Mediation zur Scheidung
Eine Trennung ist ein emotionaler Ausnahmezustand für die ganze Familie. Sind Kinder da, befürchtet der Vater oder die Mutter, dass er oder sie diese „verliert“. Die Unparteilichkeit des Mediators soll das gegenseitige Verständnis aller Beteiligten fördern, um so durch die Trennung zu helfen. Dies gelingt dann, wenn dieser emotionale Ausnahmezustand strukturiert und versachlicht wird. „Wenn sich Eheleute an den Mediator wenden, muss der Entschluss gefasst sein, dass die Ehe nicht mehr zu retten ist. Mediatoren sind keine Therapeuten“, mit dieser klaren Ansage stellt Rechtsanwältin Hentschke von Anfang an die Weichen für das Verfahren.

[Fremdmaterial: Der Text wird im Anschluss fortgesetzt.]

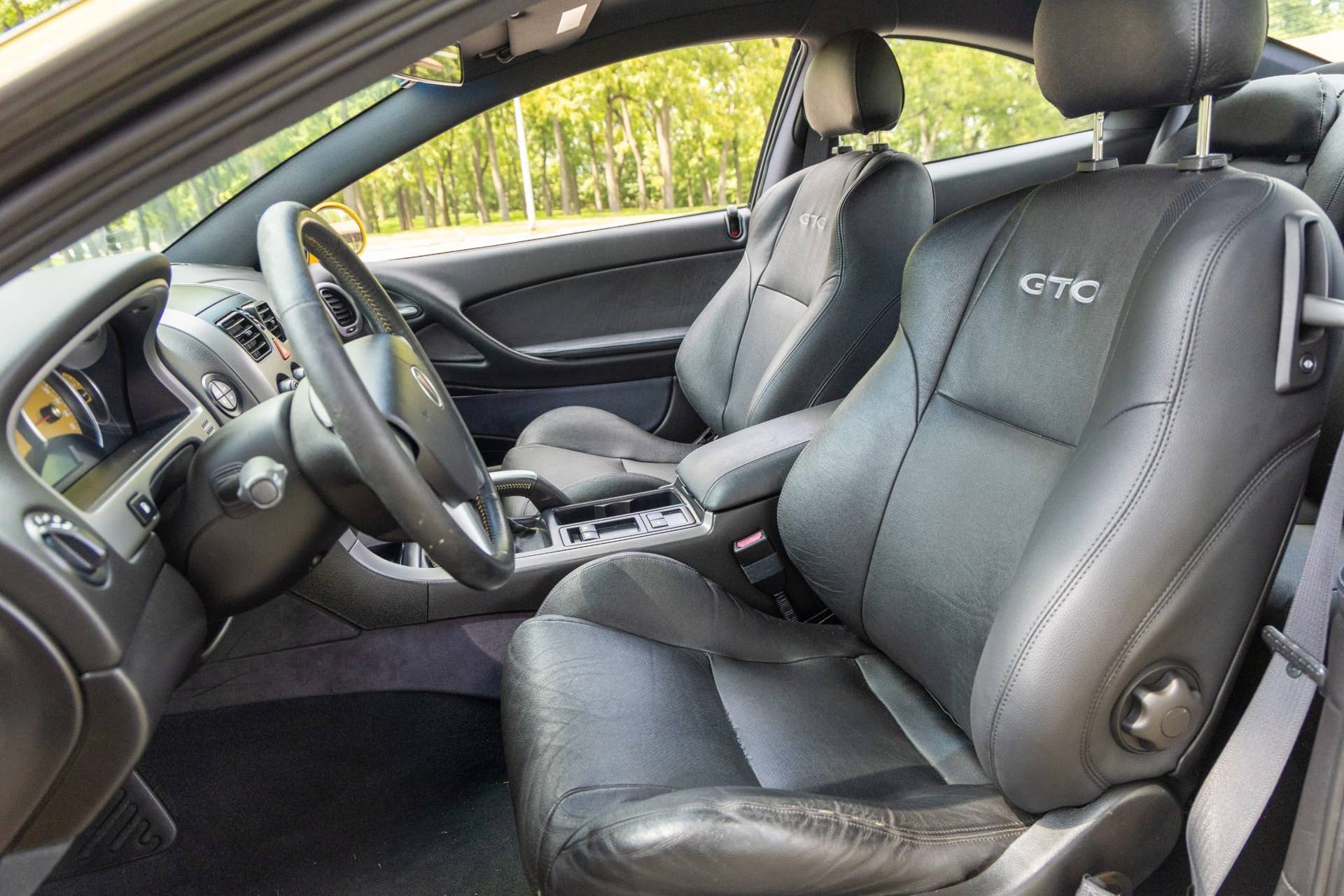 2004 Pontiac GTO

Wie läuft Scheidungsmediation ab
Das Ziel der Scheidungsmediation strebt ein Ende ohne Schrecken an – vorausgesetzt, die Bereitschaft beider Ehegatten ist vorhanden, sich auf das Verfahren einzulassen und sich der Arbeitsweise und Struktur des Mediationsverfahrens zu stellen. „Gerade der klar gesteckte Rahmen, die intern vereinbarten Regeln und moderierten Ziele bieten den Eheleuten eine Chance, miteinander ins Gespräch zu kommen und auf Augenhöhe fair über Lösungen zu verhandeln. Genau das schätze ich an dem Mediationsverfahren“, so Brigitte Hentschke.